Problem description —
The data is to be repeated exactly, with the images removed.
======== Material for the task ========
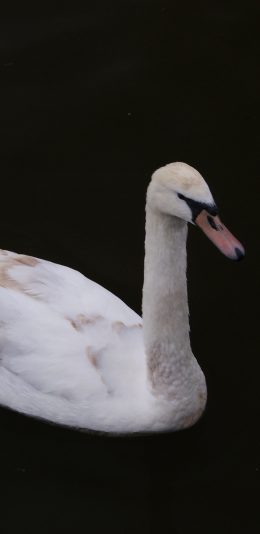 [2436x1125]鸭 禽类 牲畜 羽毛 苹果手机壁纸图片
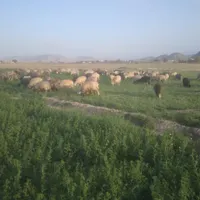نیازمند چوپان باحقوق توافقی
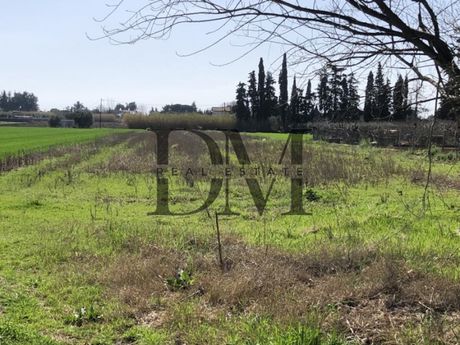 Οικόπεδο 5.000 τ.μ. πρός πώληση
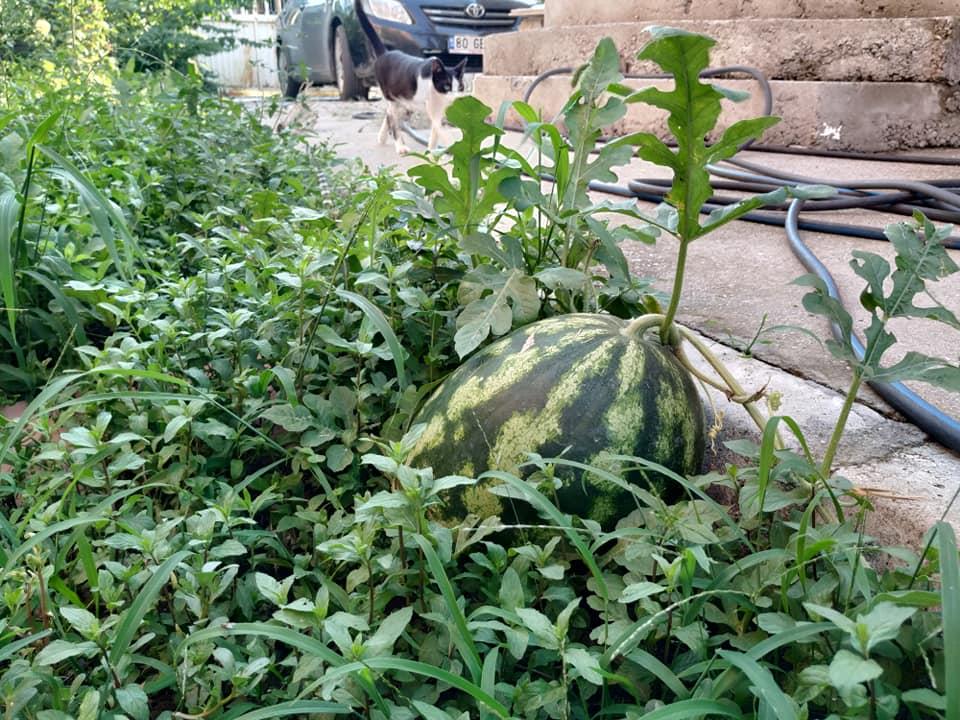 67311363 2712169408810500 485403988179550208 N (Copy)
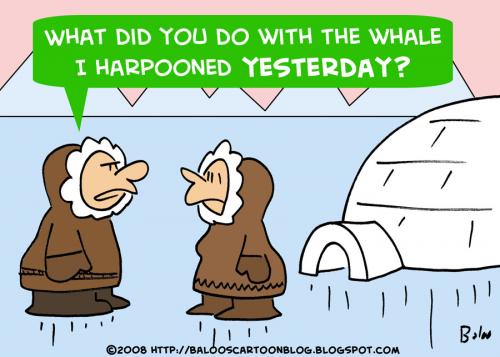 Cartoon: ESKIMO WHALE HARPOON (medium) by rmay tagged eskimo,whale,harpoon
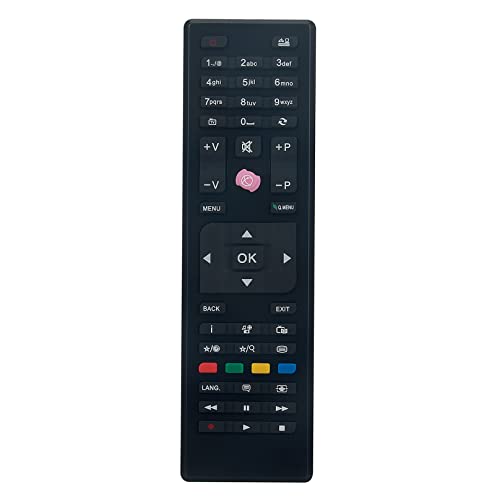 RC4849 RC4875 Replaced Remote Control - Image 3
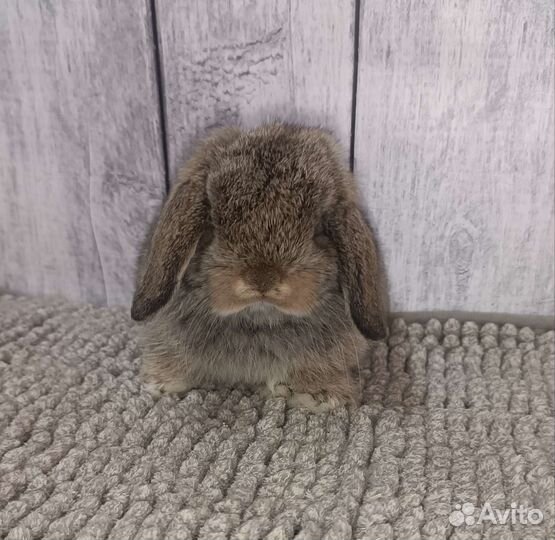 Самочка minilop в окрасе агути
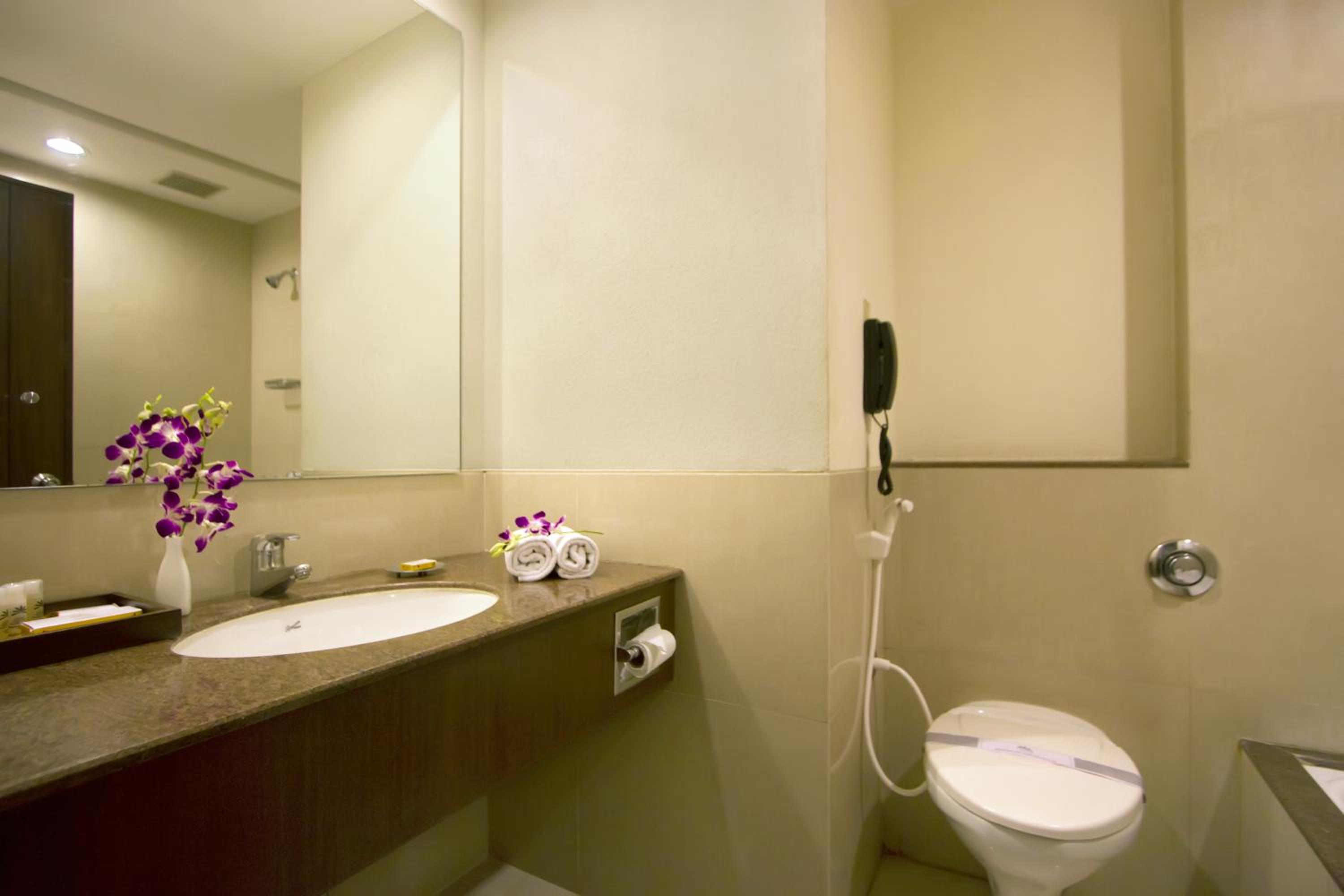 Executive Double or Twin Room photo 2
========
Response to the task —
 [2436x1125]鸭 禽类 牲畜 羽毛 苹果手机壁纸图片
نیازمند چوپان باحقوق توافقی
 Οικόπεδο 5.000 τ.μ. πρός πώληση
 67311363 2712169408810500 485403988179550208 N (Copy)
 Cartoon: ESKIMO WHALE HARPOON (medium) by rmay tagged eskimo,whale,harpoon
 RC4849 RC4875 Replaced Remote Control - Image 3
 Самочка minilop в окрасе агути
 Executive Double or Twin Room photo 2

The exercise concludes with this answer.